After working briefly for a jeweler, Foster and a friend went back to college at Southwest Texas State University in San Marcos. With a semester remaining, she met her husband, Paul Chapman, an engineer from Galveston, and they were married about a year later in 1948.
She graduated with a degree in library science in the 1950s at San Jacinto College in Houston when she and Chapman began having children and worked as a librarian and substitute teacher at schools in Dickinson. Foster has five children, 10 grandchildren and 21 great-grandchildren.
Foster still flies when she visits her oldest son, Paul Chapman Jr., in northeast Texas. A friend of her son’s has World War II era planes, which she said she enjoys flying in and reminiscing.
In 2009, Foster was one of more than 300 of the remaining members of the WASP program received a Congressional Gold Medal in Washington. She said she was “very excited” and “very proud.”
Her granddaughter, Tonya Farmer, of Spring, said Foster was always accepting and supportive growing up and is proud of her grandmother’s accomplishments.
“We always felt like we could do whatever and everything was possible if I put my mind to it,” Farmer said. “That’s a neat legacy.”

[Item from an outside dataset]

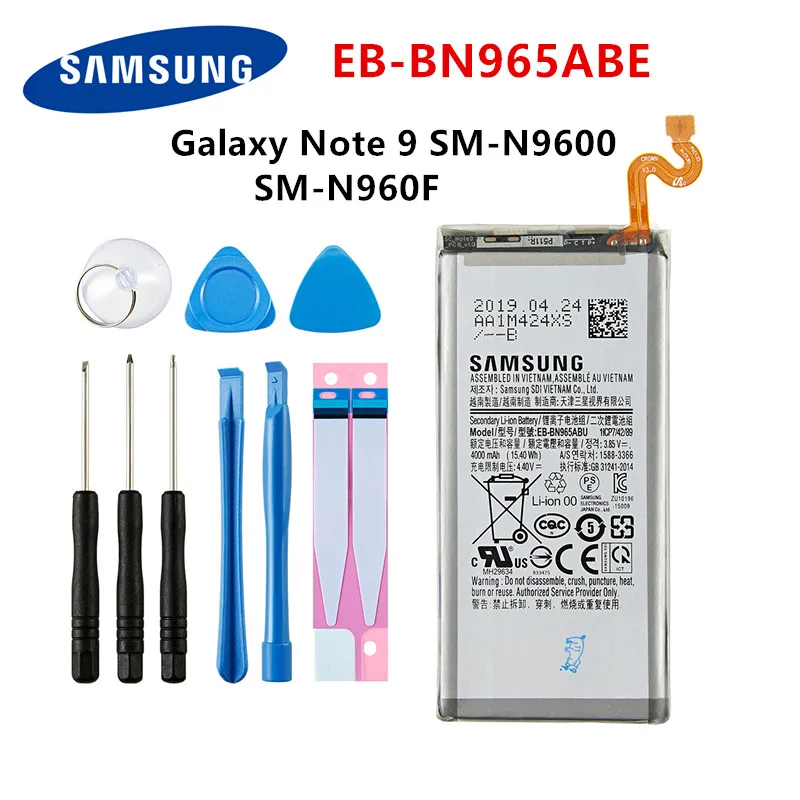 Оригинальный аккумулятор для SAMSUNG Galaxy Note9 Note 9 Samsung N960F N960U N960N N960W с питанием от 1 до 4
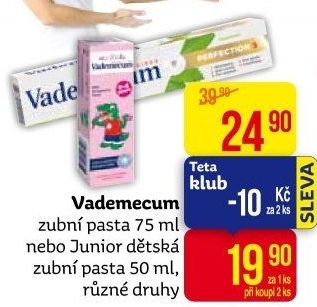 Pasty na zuby Vademecum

Foster spoke at Shindelwolf Intermediate School in Spring recently for Farmer’s 14-year-old son’s social studies class. Sandy Abt, lifestyle director at the Conservatory at Alden Bridge, said Foster also tells the story to a theater of retired residents.
“Today, we don’t go through what she went through and part of that is because she went there. She kind of paved the way for it to be easier for us,” Abt said.
The remaining WASP members attend the occasional meeting of the Women’s Military Aviators, Foster said. The beginning of every meeting, she said someone always stands up to remind them of their contribution to women’s aviation.
“We wouldn’t be here if it weren’t for you,” Foster recalls them saying.